Case Scenario:
Sam and Sally Vallarta have a portfolio consisting of the following investments:
1. $20,000 of Speightstown Corp. common stock, consisting of 800 shares with a current market price of $25 per share. The Beta of Speightstown Corp. stock is 1.20, and the stock pays no dividends.
2. $15,000 of Lucca Corp. common stock, consisting of 150 shares with a current market price of $100 per share. The beta of Lucca stock is .60 and it paid annual dividends of $5.75 per share during the past year. Dividends are expected to grow at a rate of 4% per year.
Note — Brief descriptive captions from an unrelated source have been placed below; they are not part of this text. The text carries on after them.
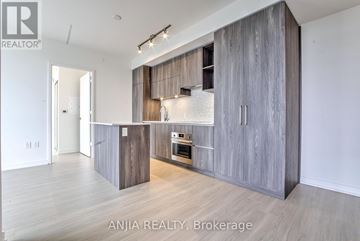 Toronto (Annex) condo for rent - A modern kitchen with wooden cabinets and a stainless steel oven.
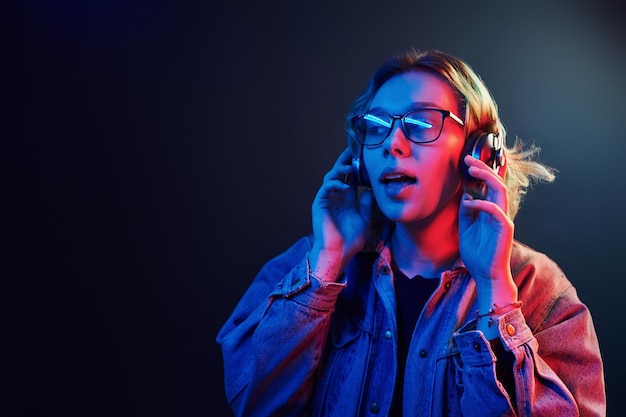 Portrait of young alternative girl in glasses with green hair in red and blue neon light in studio that listening to music in headphones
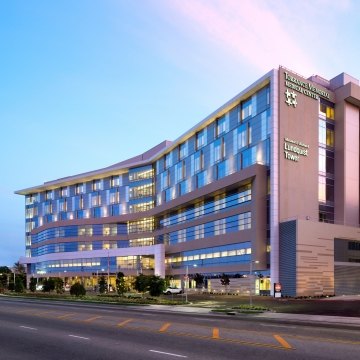 Outdoor image of the medical center with blue windows and a blue sky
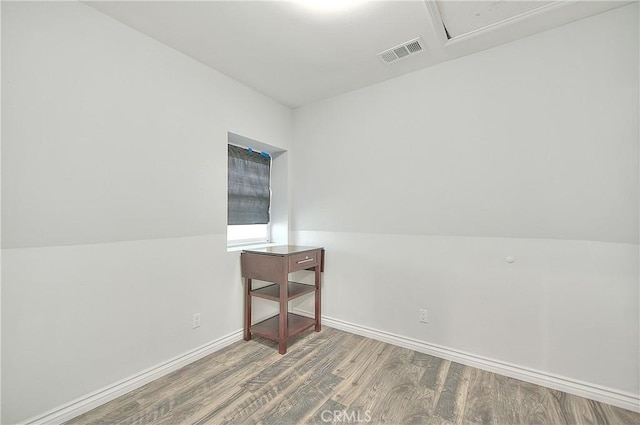unfurnished room with visible vents, wood finished floors, and baseboards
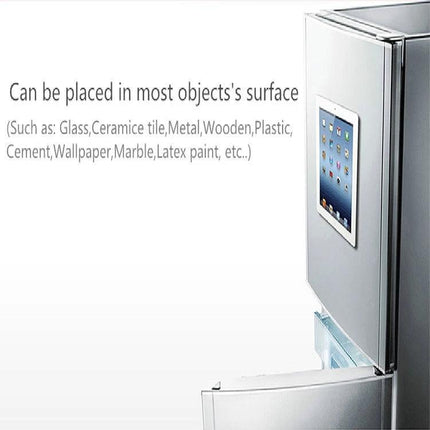 Universal Wall-Mounted Magnetic Holder for iPads and Phones mounted on refrigerator holding an iPad for hands-free kitchen use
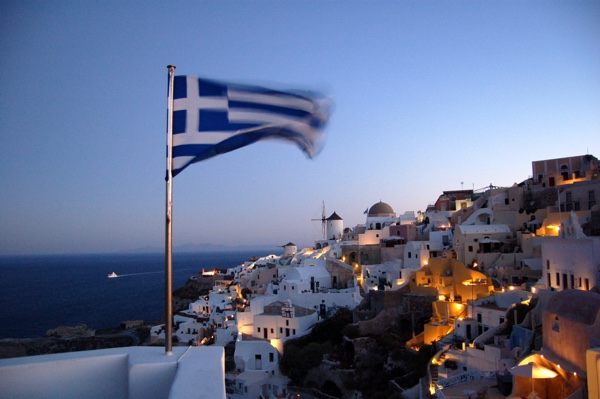 Greek coastline at twilight with Greek flag in foreground.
3. 30 Frederickstad Corp. bonds (face value of $1,000 each) maturing in 2020. These bonds have a coupon of 5.2% and pay interest annually. They are rated AA by Standard and Poors.
Assume that these are all owned in joint tenancy, and not held in IRAs or other tax-deferred vehicles (like 401k's).
Instructions:
Problem 1. Using the Capital Asset Pricing Model (CAPM), determine the expected rate of return next year for investment #1. Assume a market premium of 7%.
Problem 2. Using the dividend growth model, determine the value of investment #2 if the Vallartas' required rate of return for this investment is 4.5%.
Problem 3. Determine the value of investment #3 if the Vallartas' required return for this investment is 5%.